■ Problem
Leaving out all pictures, return exactly the lines from the one that contains "Close up of" through the end of the data below.

■ Exercise data
Content starts

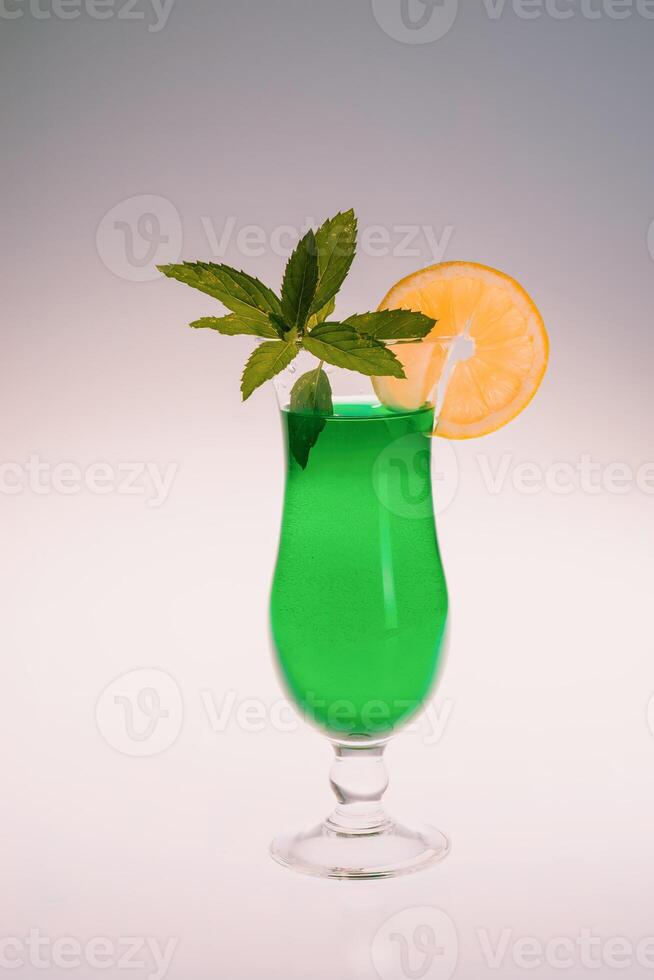 Drinks, Green, Cocktail with mint and orange slice White Background. photo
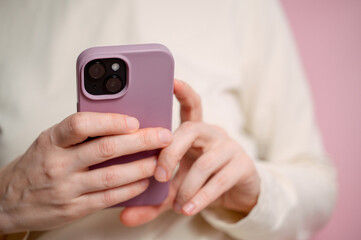 Close up of female hand using smartphone isolated on pink wall.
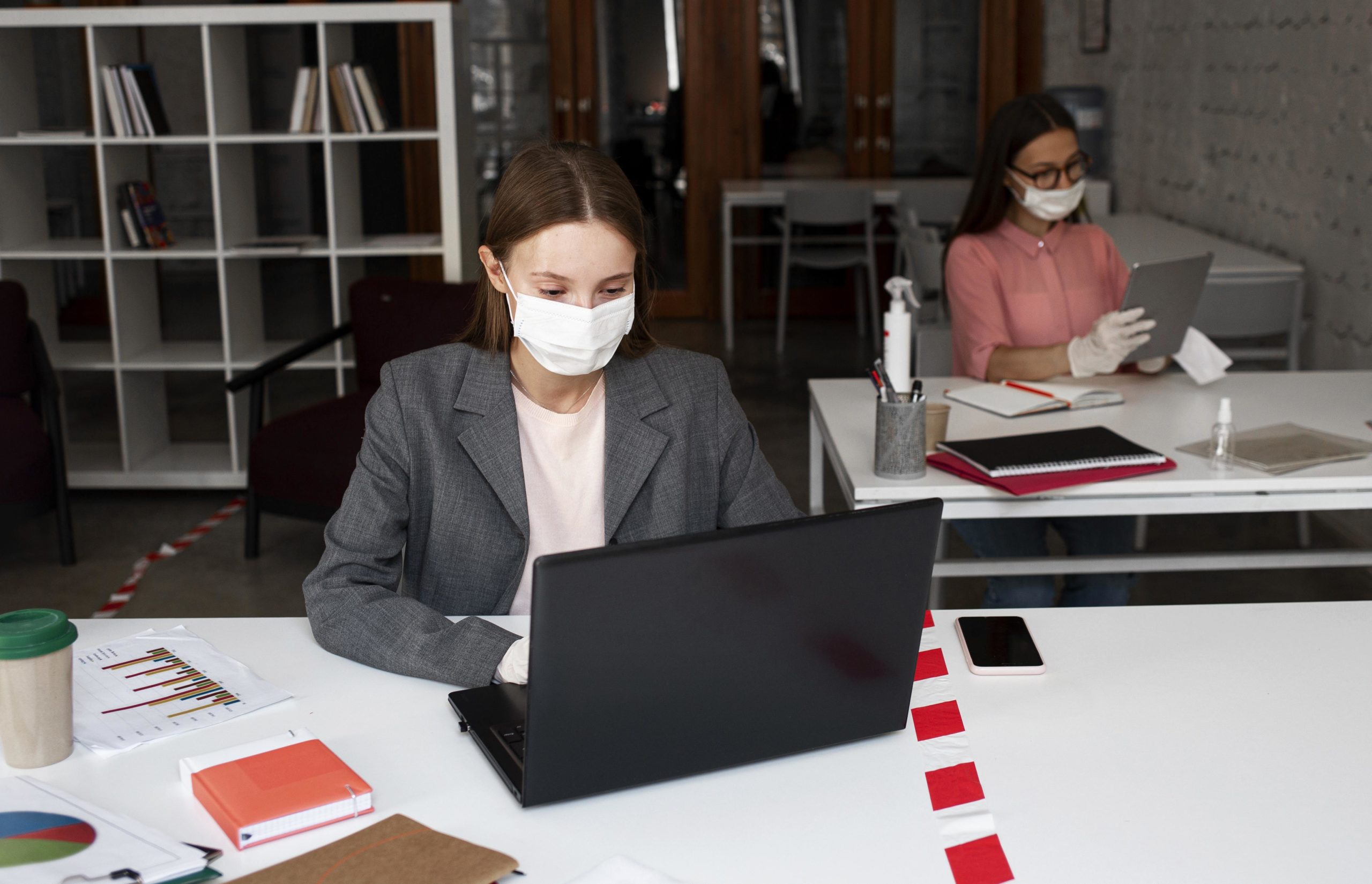 Woman in mask with laptop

Content ends

■ Answer below
 Close up of female hand using smartphone isolated on pink wall.
 Woman in mask with laptop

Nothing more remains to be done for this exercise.